§ Directions:
Reproduce the lines below exactly. Begin with the first, end with the line containing "SLEEVELESS DENIM MIDI", and leave out the pictures.

§ Given data:
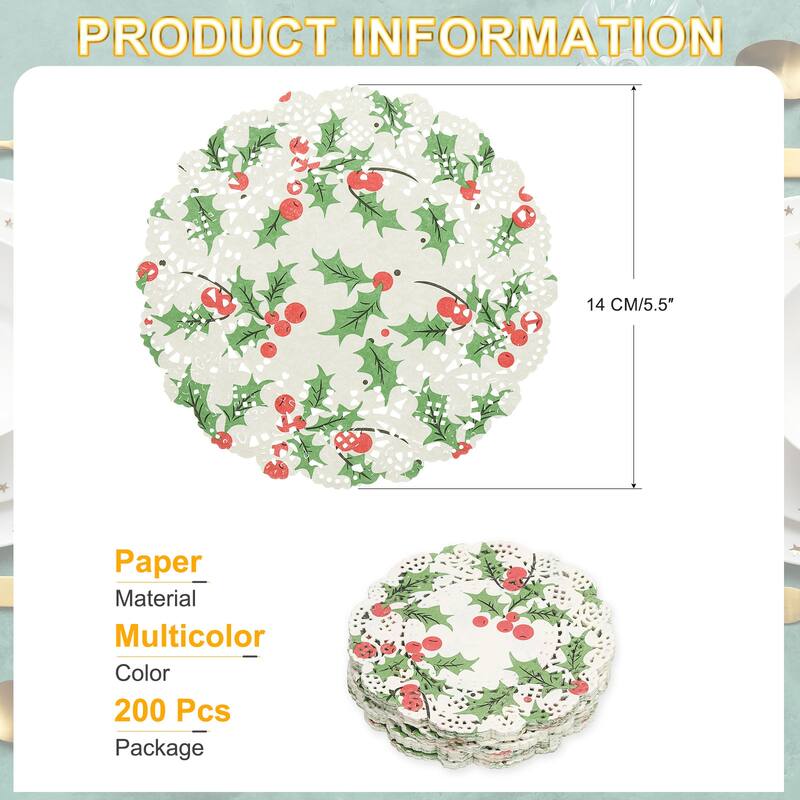 Paper Doilies Round Lace Decorative Placemats, Multicolor - Multicolor-200Pcs - 3.5 Inch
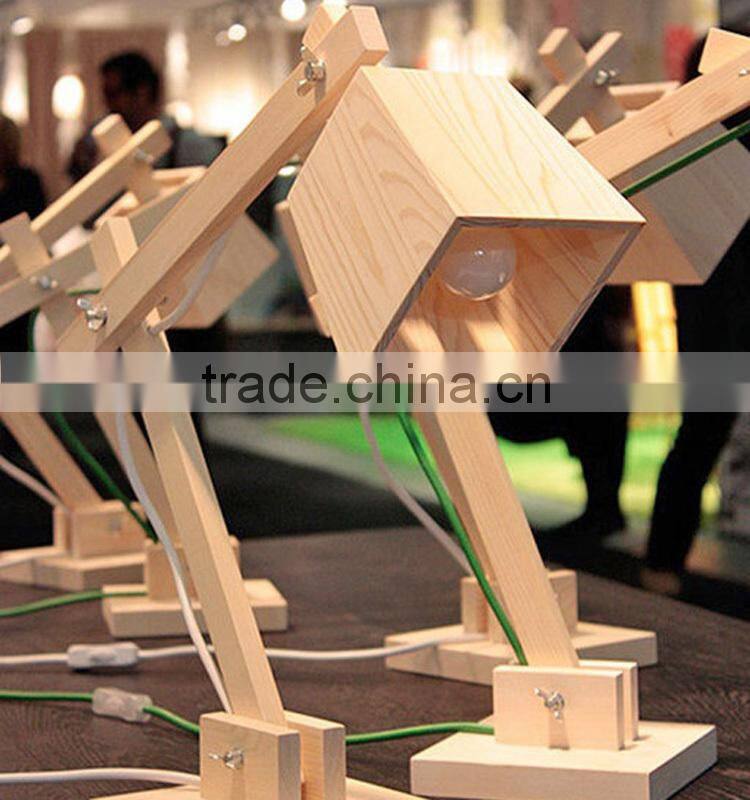 Modern Lovely Dog Wooden Study Bedside Reading Table lamp PLT8062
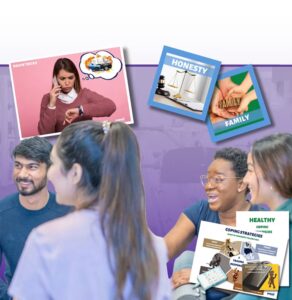 Diverse group of employees in conversation with wellbeing program materials visible, including healthy coping strategies and family values posters on wall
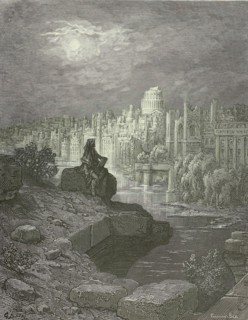 Macaulay's New Zealander contemplating the ruins of London, 1872. Creator: Stéphane Pannemaker.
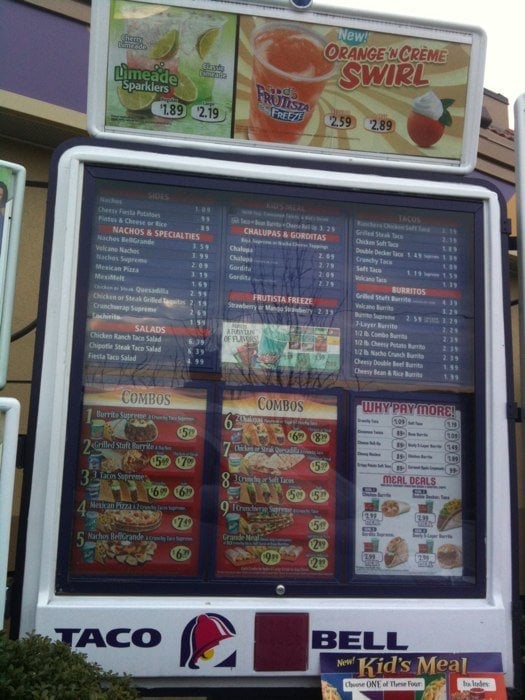 Drive thru menu board Yelp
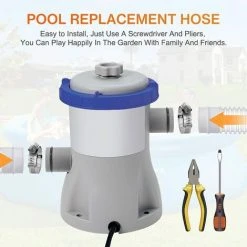 HEGUYEY Tuyau De Rechange Pour Piscine De 1,25 Po De Diamètre Pour Piscines Hors Terre, Piscine Avec Pince Métallique Pour Pompe De Filtre Intex Ou Tuyaux De 3,2 Cm - 1,5 Mètre De Long Paquet De 2 -Pompe et filtre de piscine Soldes 64098075 3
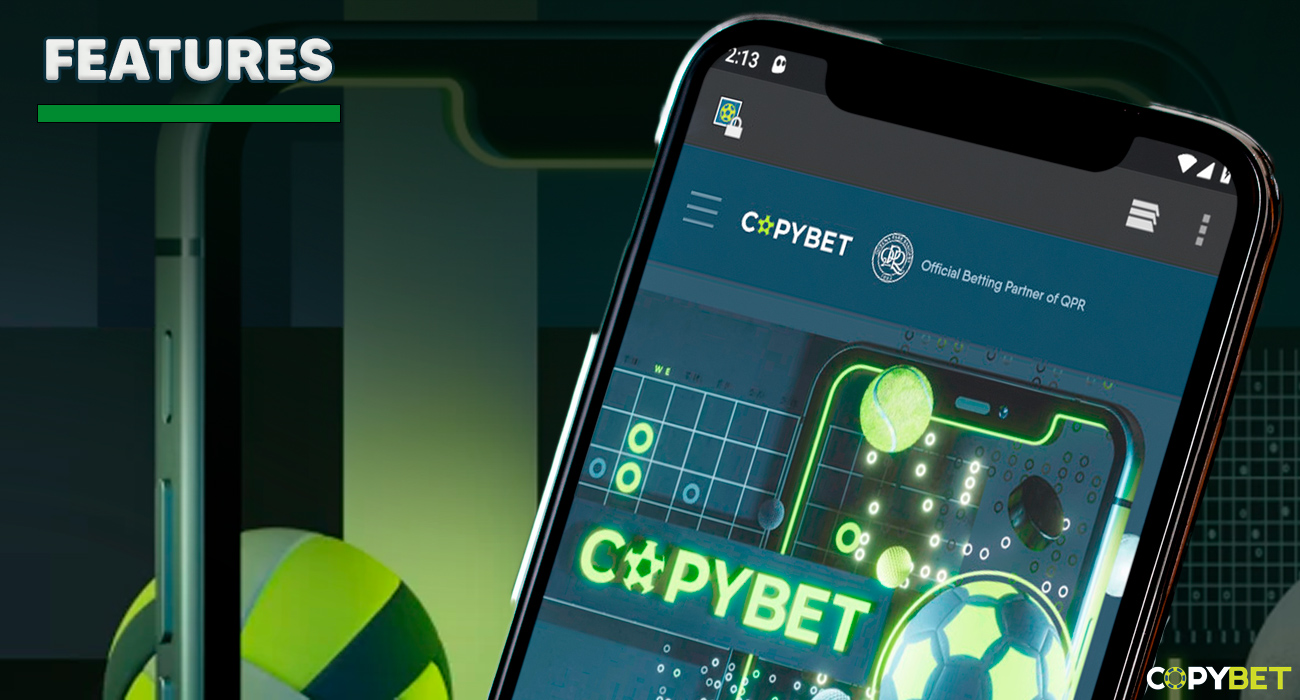 CopyBet App likely showcases key functionalities of the app, including live betting options, real-time odds updates.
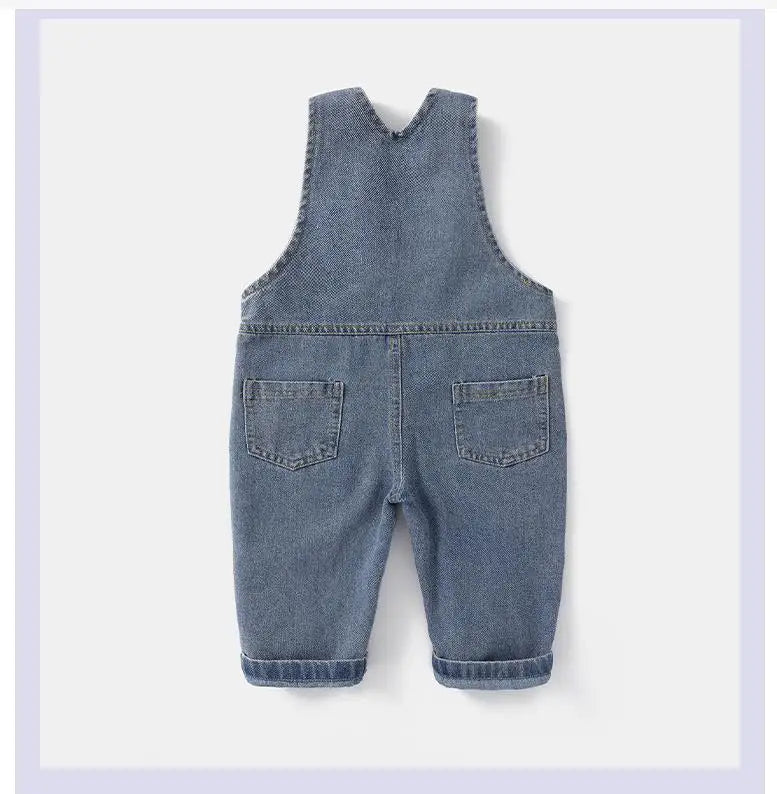 Soft Cotton Baby Boys Overalls Spring Autumn Kids cartoon Long Pants Casual Girls Jumpsuits Children Clothes SuspenderTrousers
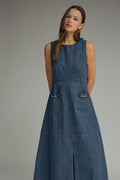 SLEEVELESS DENIM MIDI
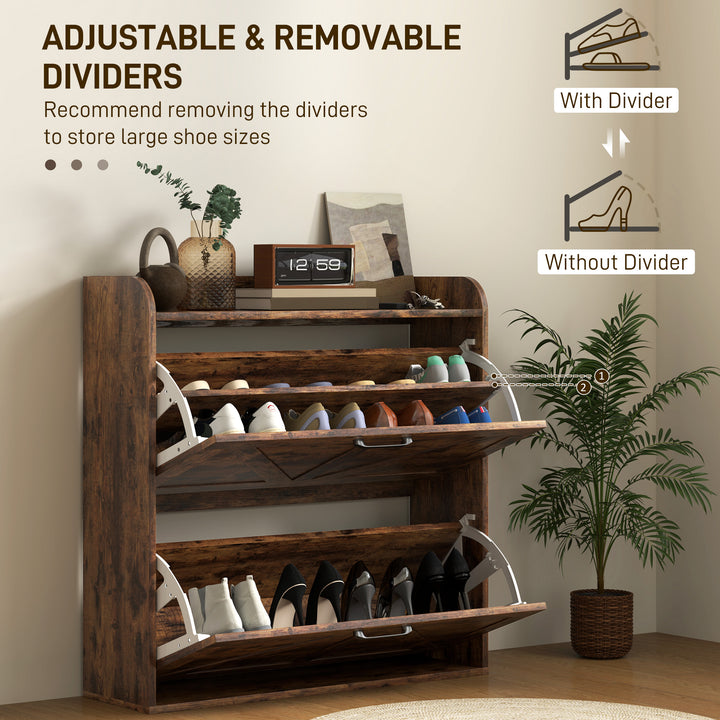 HOMCOM Narrow Shoe Storage Cabinet, Farmhouse Slim Shoe Cabinet with 2 Flip Drawers, Adjustable Shelves, White Oak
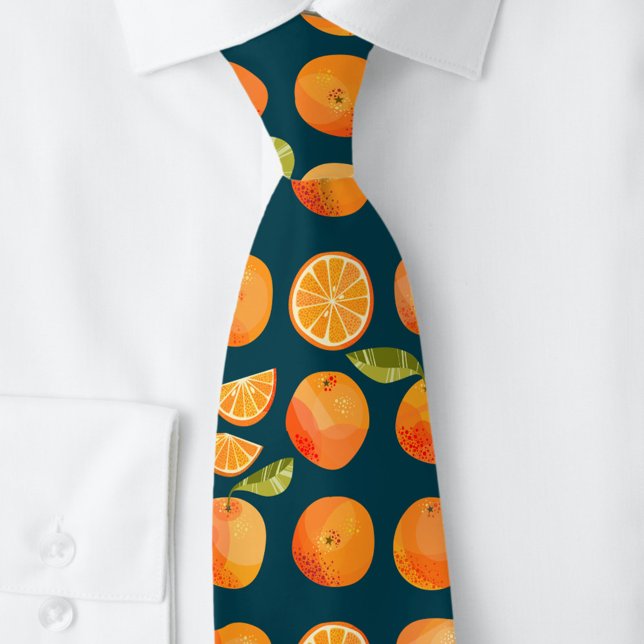 Cravate Plaisir aux fruits d'orange d'agrumes (Fun citrus orange pattern neck tie)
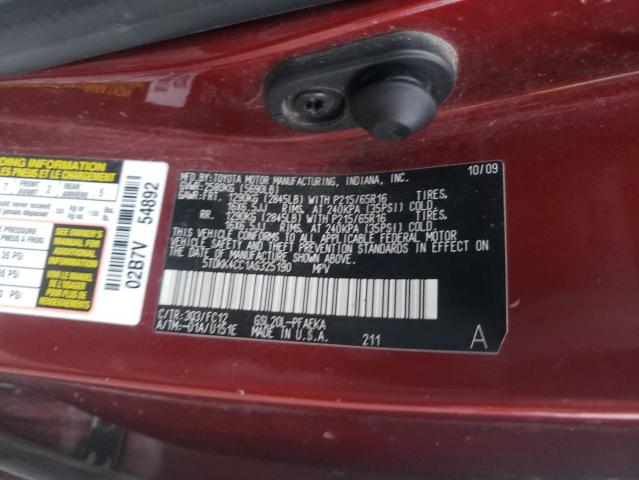2010 TOYOTA SIENNA CE 5TDKK4CC1AS325190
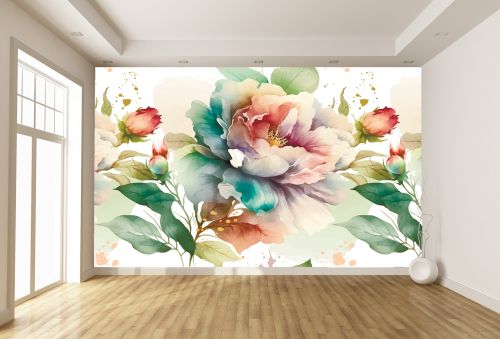 T1011 Wallpaper Roses in pasel colors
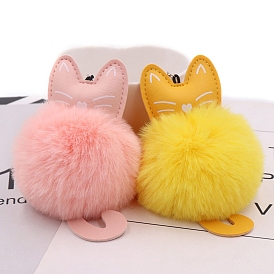 Cat Furry Pom-Pom Keychain for Women, Imitation Rabbit Fur Car Charm Bag Pendant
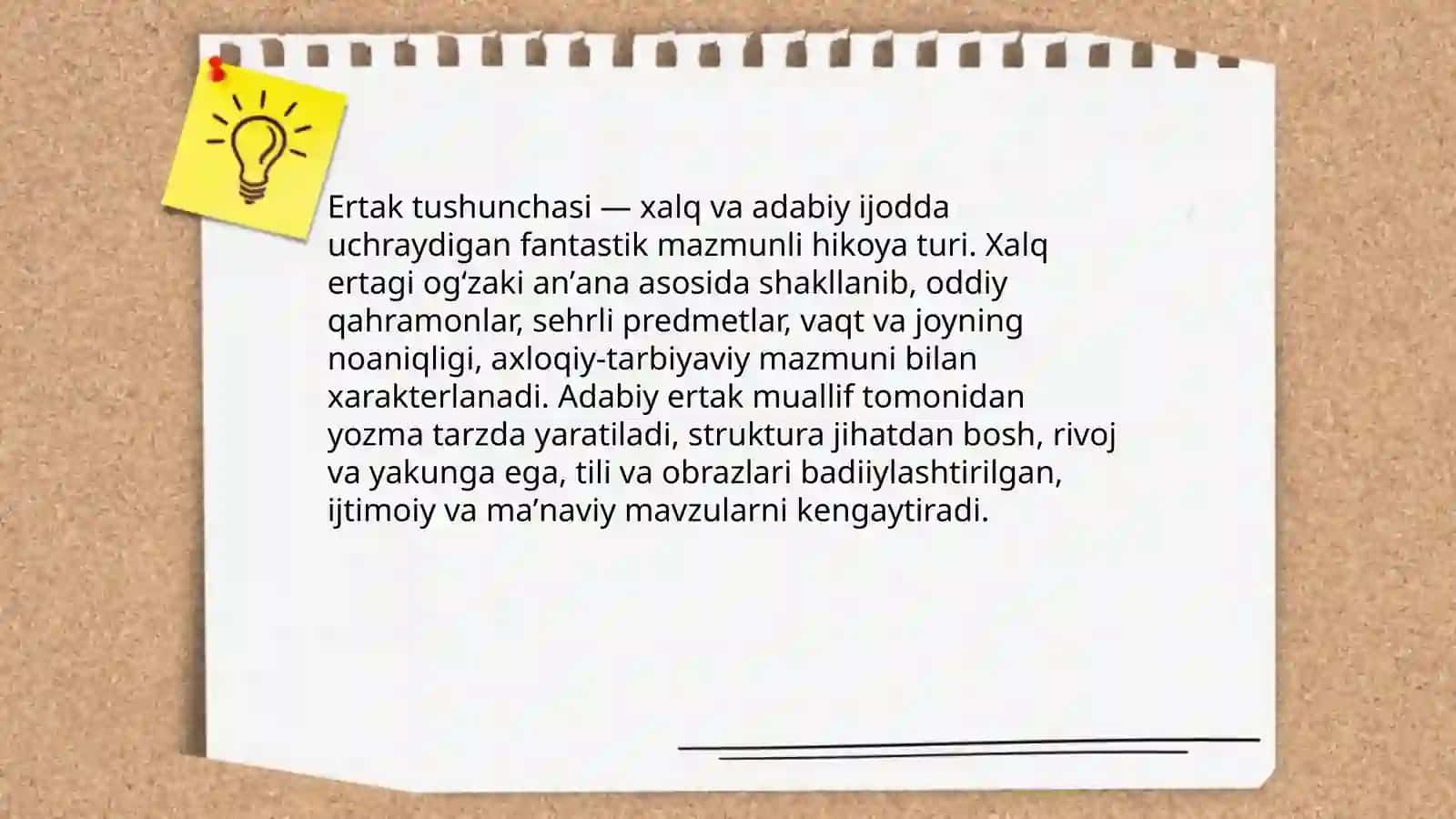 Ertaklar va uning janriy tasnifi 3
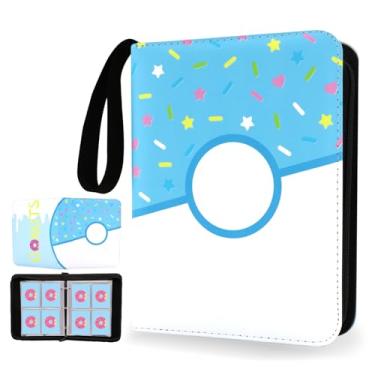 Imagem de Pasta para cartão com 4 bolsos, álbum com 400, porta-cartões colecionáveis Blue Donut, fichário com zíper para meninas e adolescentes (azul, 400 bolsos)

§ Written reply:
 Paper Doilies Round Lace Decorative Placemats, Multicolor - Multicolor-200Pcs - 3.5 Inch
 Modern Lovely Dog Wooden Study Bedside Reading Table lamp PLT8062
 Diverse group of employees in conversation with wellbeing program materials visible, including healthy coping strategies and family values posters on wall
 Macaulay's New Zealander contemplating the ruins of London, 1872. Creator: Stéphane Pannemaker.
 Drive thru menu board Yelp
 HEGUYEY Tuyau De Rechange Pour Piscine De 1,25 Po De Diamètre Pour Piscines Hors Terre, Piscine Avec Pince Métallique Pour Pompe De Filtre Intex Ou Tuyaux De 3,2 Cm - 1,5 Mètre De Long Paquet De 2 -Pompe et filtre de piscine Soldes 64098075 3
 CopyBet App likely showcases key functionalities of the app, including live betting options, real-time odds updates.
 Soft Cotton Baby Boys Overalls Spring Autumn Kids cartoon Long Pants Casual Girls Jumpsuits Children Clothes SuspenderTrousers
 SLEEVELESS DENIM MIDI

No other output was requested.